W3C home > Mailing lists > Public > spec-prod@w3.org > April to June 2020

[pr-preview] PR Preview outage post-mortem

From: Tobie Langel <tobie@unlockopen.com>
Date: Sat, 27 Jun 2020 15:54:10 +0200
Message-ID: <CAKgxSaCtLKhXuOBMP4R5wW1KB7FZGz5G0mxs8OCUDX1yqzuO1g@mail.gmail.com>
To: spec-prod@w3.org
Hi folks,

Here's a post-mortem following the recent outage of PR Preview

## Current situation ##
The problem is fully resolved and PR PReview is working normally.

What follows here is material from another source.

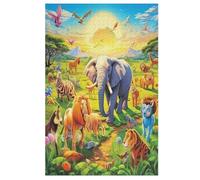 Rompecabezas de 1000 piezas African Animals para adultos y niños Puzzles con tabla de madera decoración familiar 78×53cm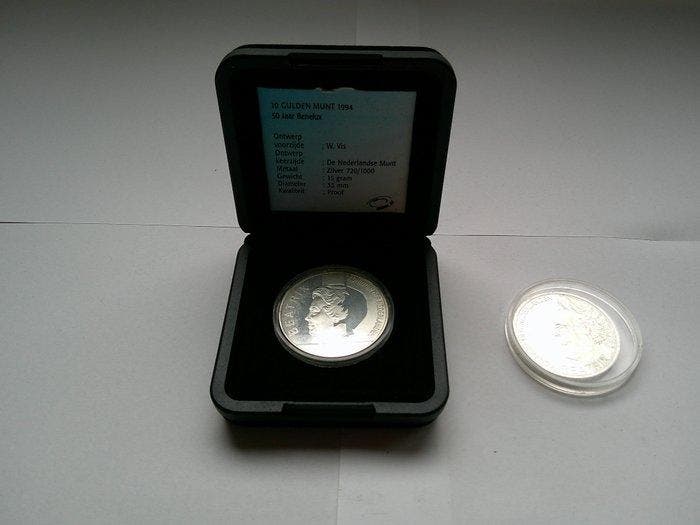 Nederland. Beatrix. 10 Gulden 1994 proof/1995, 2 stuks, Timbres & Monnaies, Monnaies | Pays-Bas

To retrigger a build, please edit the body of the pull request on GitHub
(e.g. just a line break).

## Duration of outage ##
Multiple days. The outage was so long because the alert system failed to
handle this as an error case.

## Cause of outage ##
The outage was due to Github having deprecated an API endpoint way in
advance of the announced plan[1].

The problem was compounded by the error message being logged not containing
the keyword "error". As a result, it wasn't picked by the email alert
system, and I wasn't made aware of it until Anne filed an issue against the

## Solution ##
The cause of the outage was quickly identified. The solution was to upgrade
to the new API endpoint. This resolved the issue right away.

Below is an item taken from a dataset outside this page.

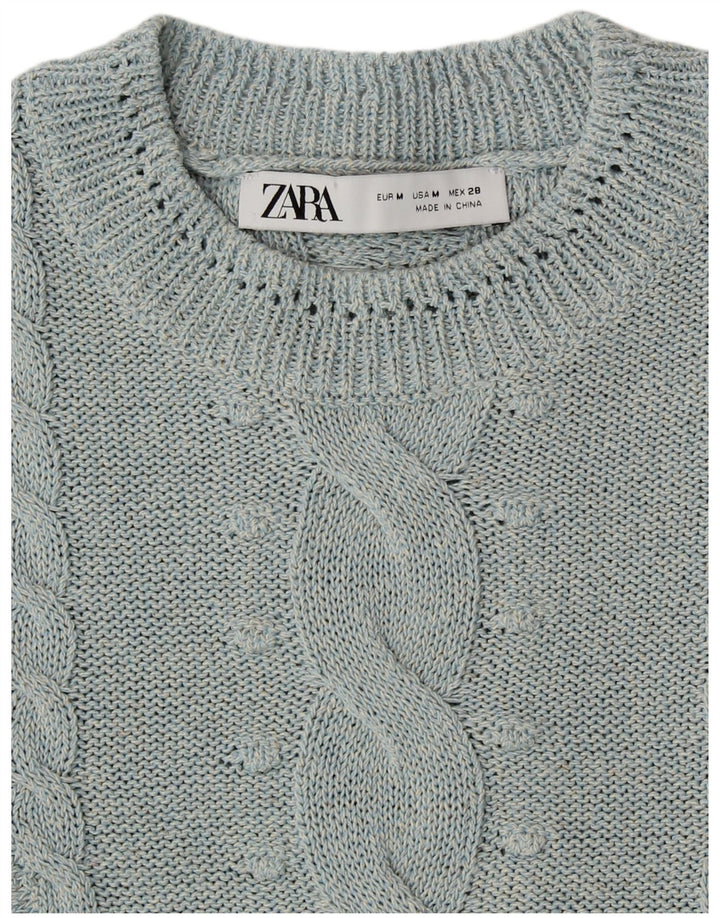 ZARA Womens Crop Crew Neck Jumper Sweater UK 14 Medium Blue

A support ticket was filed with GitHub to let them know about this issue.

## Follow-ups ##

- Issues were filed to (1) make sure that error handling would catch such
cases in the future[3], and (2) improve logging so that failed builds could
be re-run once the problem was solved[4].
- Searching for funding to pay for the development of these issues and
others, and cover maintenance costs should be re-prioritized.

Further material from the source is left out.